O que então teria preocupado tanto o assessor de Nixon? Difícil saber por onde começar. Ao receber pessoalmente de Jacqueline Kennedy a encomenda de uma obra para inaugurar o centro cultural em homenagem a seu marido, Bernstein optou pela temática religiosa. Mas o fez de maneira bastante pessoal. Sua Missa não é uma celebração em si. Ela até começa dessa forma, mas aos poucos jovens artistas de rua, católicos fervorosos e um celebrante em crise com sua própria fé levam a narrativa em direção ao questionamento do fundamentalismo religioso, sem deixar de lado a exaltação da cultura hippie e uma crítica à guerra – isso tudo em meio à Guerra do Vietnã. “O mundo está à beira do colapso, pior do que nunca. Como alguém de fato pode se sentir parte de algo real? Eu não posso”, escreveu Bernstein na época.
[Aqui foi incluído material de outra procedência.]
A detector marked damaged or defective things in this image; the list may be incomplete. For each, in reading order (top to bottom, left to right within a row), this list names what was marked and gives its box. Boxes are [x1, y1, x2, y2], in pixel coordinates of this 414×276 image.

A utilização da religião como ponto de partida para a discussão de questões do presente não era exatamente novidade dentro da carreira de Bernstein: na sua Sinfonia n.º 3 – Kaddish, escrita quase dez anos antes, o compositor dava voz a um narrador que discute raivosamente com Deus, a quem acusa pelos males e injustiças do mundo. Na Missa, no entanto, além do conteúdo potencialmente explosivo, havia também a forma: a escrita de Bernstein pede não apenas por uma grande orquestra, mas também por uma banda de rock, um grupo de blues, um conjunto que ele chamou de “Street Chorus”, além de outros três corais. A música torna-se, assim, uma mistura, que inclui ainda o folk (até Paul Simon participou com uma canção que ofereceu a Bernstein), o gospel, a Broadway, o jazz, a tradição romântica e os elementos da vanguarda dos anos 1960. Ao todo, são mais de 300 pessoas sobre o palco (no Teatro Municipal, atuam a Sinfônica Municipal, o Coral Lírico, o Coral Paulistano, o Coral Infantojuvenil, uma série de artistas convidados e o barítono Michel de Souza, que interpretou Papageno na Flauta Mágica do ano passado no teatro, no papel central do Celebrante).
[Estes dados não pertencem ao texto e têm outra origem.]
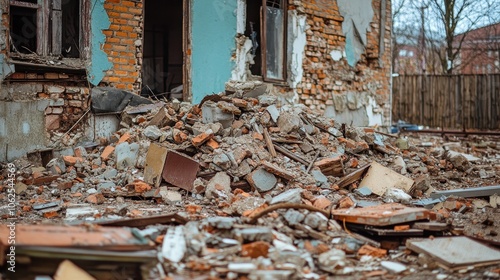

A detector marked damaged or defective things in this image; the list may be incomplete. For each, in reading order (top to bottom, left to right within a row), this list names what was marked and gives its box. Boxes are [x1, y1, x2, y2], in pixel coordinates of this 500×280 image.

broken window frame [8, 0, 89, 60]
peeling plaster [88, 0, 112, 85]
broken window frame [260, 0, 288, 83]
peeling plaster [288, 10, 306, 89]
peeling plaster [338, 0, 374, 66]
broken concrete slab [144, 143, 169, 187]
broken concrete slab [161, 151, 198, 192]
pile of broken bricks [0, 93, 500, 278]
broken concrete slab [360, 162, 414, 197]
broken concrete slab [406, 237, 500, 270]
“Há algo de muito moderno nessa mistura proposta por Bernstein naquele instante”, diz Minczuk, que coloca o questionamento do compositor a respeito da relação com Deus em perspectiva. “Há uma atualidade naquilo que a obra discute. Ela nos mostra, entre outras coisas, como a fé pode ser usada de maneiras equivocadas. Há uma pergunta que permeia a obra: qual o propósito da vida? Qual o sentido de tudo? Moisés, Elias, Jó, todos eles se questionaram a respeito disso, a fé verdadeira deles nascia de um conflito inicial. Na Missa de Beethoven também dá para perceber, em momentos como o Gloria, que ele está dialogando de forma agressiva com a figura divina. É o mesmo que acontece de certa forma com Bernstein, que nos mostra também que a arte é um veículo importante para se tratar dessas questões profundas para o ser humano.”
MISSA
Teatro Municipal. Pça. Ramos de Azevedo, s/nº; 3397-0327.
6ª (6), 20h; sáb. (7) e dom. (8), 16h30. R$ 30 a R$ 80
As informações são do jornal O Estado de S. Paulo.